Rating:
R
House:
Astronomy Tower
Genres:
Slash Angst
Era:
Multiple Eras
Spoilers:
Order of the Phoenix
Stats:
Published: 04/23/2004
Updated: 04/29/2004
Words: 7,490
Chapters: 2
Hits: 1,669

The Apathy

Fabella

Story Summary:
Ron felt himself scrambling to keep up, desperately aware that he was bound to be left behind, no matter how much of himself he offered, how many stays in the hospital he acquired.

The Apathy Prologue

Posted:
04/23/2004
Hits:
1,021
Author's Note:
Down to its purest form, this is a story about self-discovery, self-worth, and boys lusting after boys. Ron, I find, is a highly undervalued character. I don’t worship him. I think he’s a brat often, and that he’s got some serious jealousy issues that he refuses to deal with, but Harry’s limited POV of Ron attracts me. I want to know more about him. I want to pick him apart and put him back together again. I want Ron to be the narrator, and somehow, as I was trying to concoct a story plot that would happen through his eyes, I realized that Ron and Harry are best friends. Not a startling revelation, no, but Harry and Ron are best friends, and best friends can become more. That was the story I wanted to write. I had read the books already, and wondered why Harry/Ron wasn’t more popular than it was, consider buddy!kink IS very popular, but I didn’t become a serious fan until the real possibility their relationship presents became solid in my head.

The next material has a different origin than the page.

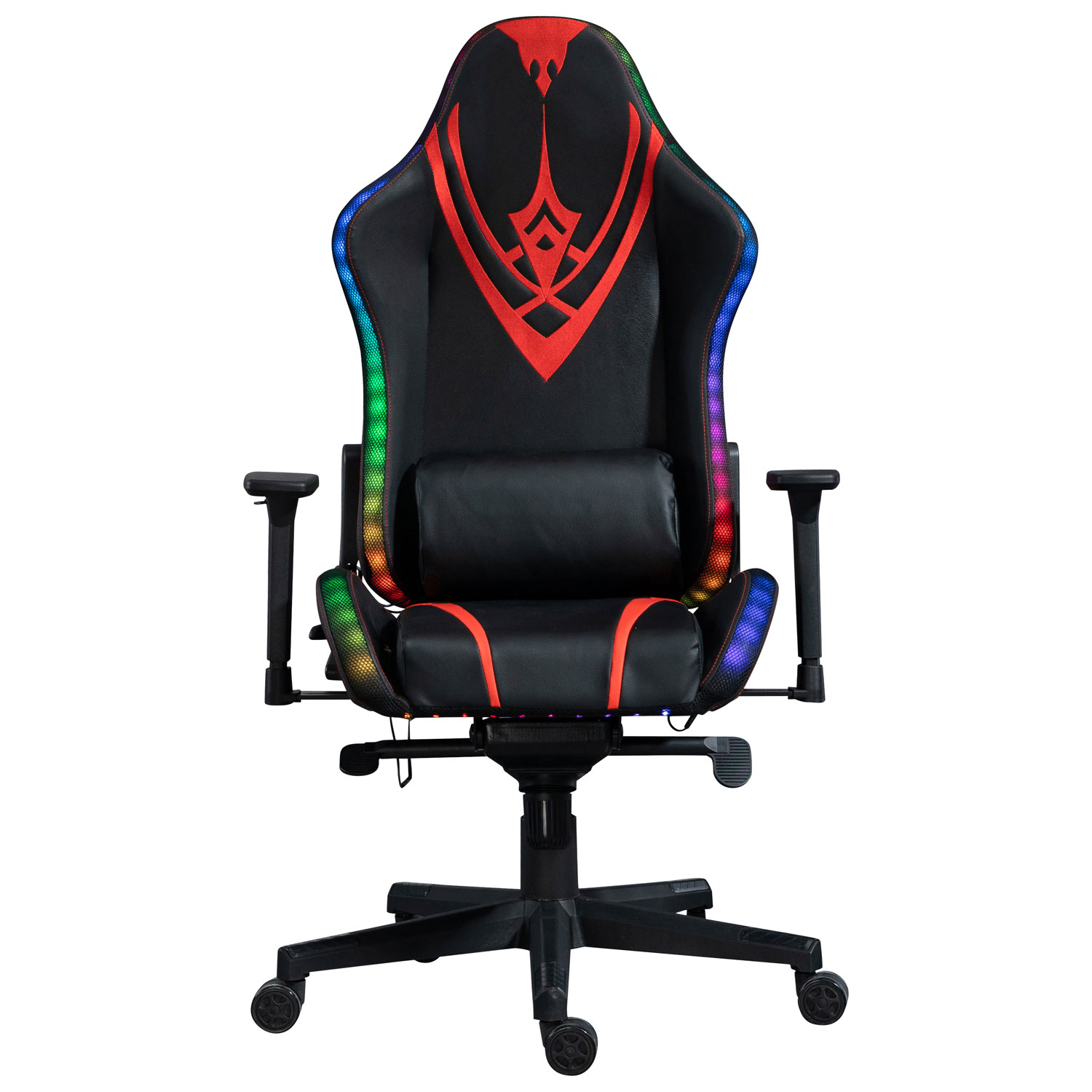 Naz Excalibur Ergonomic High-Back Faux Leather Gaming Chair with RGB LED Lights - Black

Summer was long and tasteless, as far as Ron was concerned. It served no purpose this year except to irritate him by stretching out its hours, waving snide daylight trimmed fingers at him through windows that were hardly ever opened. Dad worried about them being cooped up all the time, and Mum worried about what would happen if they weren't. He'd overheard them arguing about it once, which meant they were in serious disagreement, because Dad almost never argued with Mum about anything. They became very quiet when he entered the room, and a moment later, Mum shuffled off upstairs, and Dad struck up a falsely cheery conversation with him about Muggle books.

Hermione showed up only two weeks into the summer.

"Don't you think it's odd?" Hermione said, the day she got there, when they awkwardly embraced in the hallway, and Ron discovered that she was getting soft and round in all those girl places. The revelation left him somewhat frightened, and vaguely intrigued.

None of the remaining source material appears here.